▸ **DATASET**
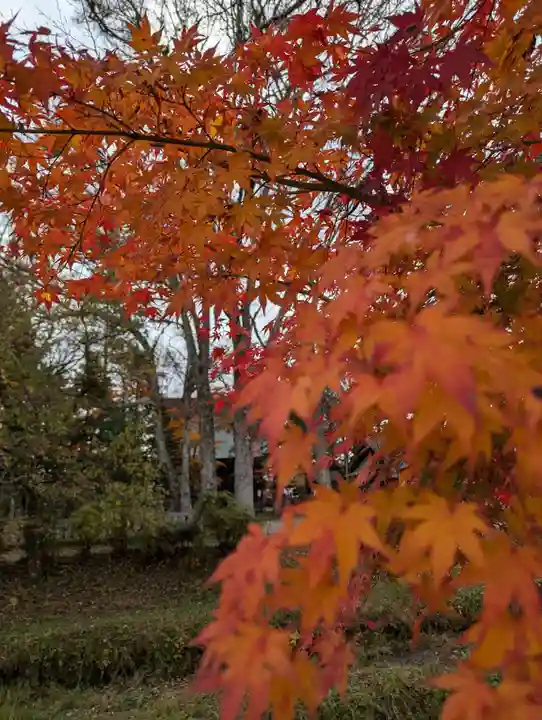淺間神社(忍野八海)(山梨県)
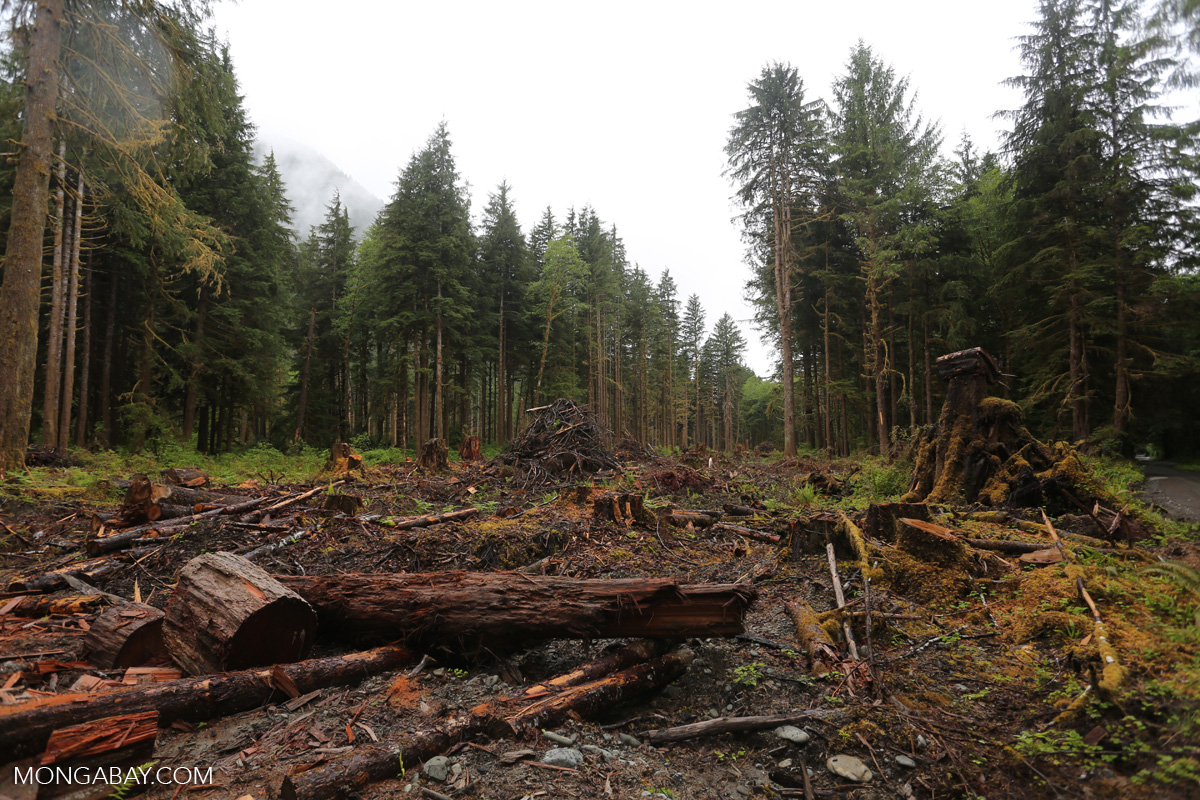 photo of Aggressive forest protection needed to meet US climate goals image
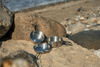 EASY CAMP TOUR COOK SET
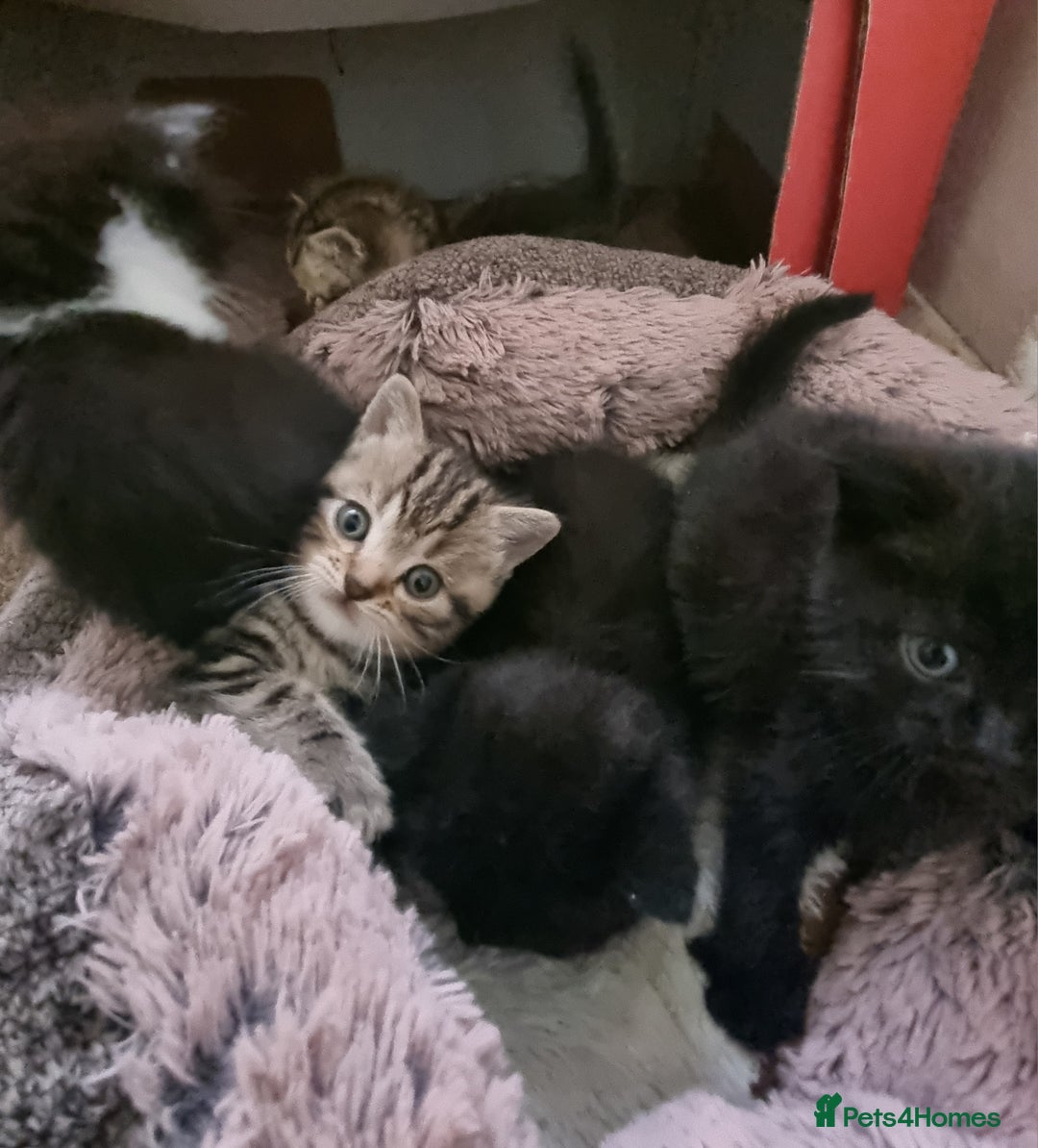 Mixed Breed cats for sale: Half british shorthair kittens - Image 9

---

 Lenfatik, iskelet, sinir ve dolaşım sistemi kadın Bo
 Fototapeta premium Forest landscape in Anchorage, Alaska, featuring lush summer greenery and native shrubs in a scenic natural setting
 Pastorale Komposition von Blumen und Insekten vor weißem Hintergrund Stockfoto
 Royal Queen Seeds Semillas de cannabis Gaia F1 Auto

▸ **WHAT YOU NEED TO DO**
Print the lines above from the one with "Pastorale Komposition von" through the one with "Royal Queen Seeds", both included, exactly as written and nothing more.

▸ **SOLVED PROBLEM**
 Pastorale Komposition von Blumen und Insekten vor weißem Hintergrund Stockfoto
 Royal Queen Seeds Semillas de cannabis Gaia F1 Auto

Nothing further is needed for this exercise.